Secondo una lettura pessimistica - o realistica, se si preferisce - la 1701 rischia essere come le altre Risoluzioni dell'Onu sul Medio Oriente, famose per essere disattese. Spesso sono irrealistiche e impraticabili. Corrispondono agli interessi delle Grandi Potenze, non alla finalità di pacificare la regione. Nella Risoluzione 1701, l'Onu dà per scontato che il suo «appello» ad una cessazione immediata delle ostilità venga accolto sia da Israele sia da Hezbollah. Tale assunto è discutibile. Il governo israeliano ha deciso di cessare le ostilità da lunedì: lo ha fatto certamente per le pesanti pressioni di Washington. A Gerusalemme la situazione rimane confusa, con liti e polemiche fra i ministri e fra i politici e i militari. E' la prima volta che avviene in Israele. Sarà ben difficile che il governo Olmert ne possa sopravvivere. La grande offensiva, autorizzata mercoledì scorso, è stata ordinata e poi sospesa. E' stata poi iniziata nel pomeriggio di sabato. Non si riesce a capire che logica segua Olmert. E' certamente in atto «una guerra dietro la guerra», in cui la diplomazia americana gioca certamente un importante ruolo.
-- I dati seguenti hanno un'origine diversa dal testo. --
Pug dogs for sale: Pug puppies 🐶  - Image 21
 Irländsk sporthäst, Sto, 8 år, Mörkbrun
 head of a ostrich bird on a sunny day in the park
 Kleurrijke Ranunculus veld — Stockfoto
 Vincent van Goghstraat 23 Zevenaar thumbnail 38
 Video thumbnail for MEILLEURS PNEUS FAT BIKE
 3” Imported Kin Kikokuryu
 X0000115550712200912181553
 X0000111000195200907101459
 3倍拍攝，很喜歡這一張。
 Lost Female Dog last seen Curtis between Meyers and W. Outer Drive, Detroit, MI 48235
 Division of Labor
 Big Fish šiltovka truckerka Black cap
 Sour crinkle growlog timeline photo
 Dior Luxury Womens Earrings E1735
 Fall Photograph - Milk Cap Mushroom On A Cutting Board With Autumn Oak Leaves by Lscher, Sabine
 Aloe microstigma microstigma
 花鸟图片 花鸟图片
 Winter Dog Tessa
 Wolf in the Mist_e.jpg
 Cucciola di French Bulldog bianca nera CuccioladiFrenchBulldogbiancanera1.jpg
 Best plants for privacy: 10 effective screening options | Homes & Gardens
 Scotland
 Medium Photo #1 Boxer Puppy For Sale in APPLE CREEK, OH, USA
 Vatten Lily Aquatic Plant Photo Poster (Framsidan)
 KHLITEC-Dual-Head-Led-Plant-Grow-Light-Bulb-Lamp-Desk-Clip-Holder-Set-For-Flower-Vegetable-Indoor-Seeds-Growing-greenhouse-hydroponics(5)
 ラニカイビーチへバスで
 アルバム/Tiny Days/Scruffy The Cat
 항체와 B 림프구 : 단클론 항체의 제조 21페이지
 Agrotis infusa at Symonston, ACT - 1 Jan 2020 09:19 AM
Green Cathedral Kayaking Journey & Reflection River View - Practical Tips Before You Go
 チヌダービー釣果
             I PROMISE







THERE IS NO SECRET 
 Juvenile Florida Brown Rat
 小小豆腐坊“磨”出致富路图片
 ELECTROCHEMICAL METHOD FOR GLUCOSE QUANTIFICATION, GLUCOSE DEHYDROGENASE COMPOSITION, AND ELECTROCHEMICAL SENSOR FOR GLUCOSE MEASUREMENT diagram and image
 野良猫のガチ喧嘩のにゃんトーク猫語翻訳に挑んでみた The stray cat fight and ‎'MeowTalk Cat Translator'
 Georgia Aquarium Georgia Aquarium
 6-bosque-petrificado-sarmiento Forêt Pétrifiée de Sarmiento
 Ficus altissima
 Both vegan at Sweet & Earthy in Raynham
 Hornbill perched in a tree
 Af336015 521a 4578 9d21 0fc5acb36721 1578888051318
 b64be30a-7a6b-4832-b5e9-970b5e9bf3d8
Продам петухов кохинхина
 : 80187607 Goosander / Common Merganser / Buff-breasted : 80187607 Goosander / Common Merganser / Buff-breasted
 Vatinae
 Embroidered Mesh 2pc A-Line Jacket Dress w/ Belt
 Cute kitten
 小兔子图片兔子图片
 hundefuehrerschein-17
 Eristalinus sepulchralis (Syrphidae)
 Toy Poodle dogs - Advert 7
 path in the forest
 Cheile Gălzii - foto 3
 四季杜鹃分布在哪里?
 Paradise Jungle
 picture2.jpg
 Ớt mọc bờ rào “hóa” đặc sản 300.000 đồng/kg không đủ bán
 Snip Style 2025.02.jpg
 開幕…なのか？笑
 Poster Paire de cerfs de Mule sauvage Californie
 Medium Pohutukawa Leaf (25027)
Desta poi sorpresa che l'Hezbollah non abbia già applaudito alla Risoluzione 1701. Essa dà al «Partito di Dio» una grande vittoria. La sua eroica resistenza ne ha aumentato il prestigio - e quello dei suoi sponsor siriani e iraniani - in tutto l'Islam. Il suo leader, Hassan Nasrallah, è divenuto un eroe per tutto il mondo arabo. Il morale delle sue truppe ha retto. Le perdite di armi e di equipaggiamenti saranno ripianate in breve tempo. Hezbollah ha poi rafforzato la sua posizione nel mosaico libanese. Non è pensabile che l'indebolito governo di Faud Siniora possa dare l'ordine all'esercito di disarmarne le milizie.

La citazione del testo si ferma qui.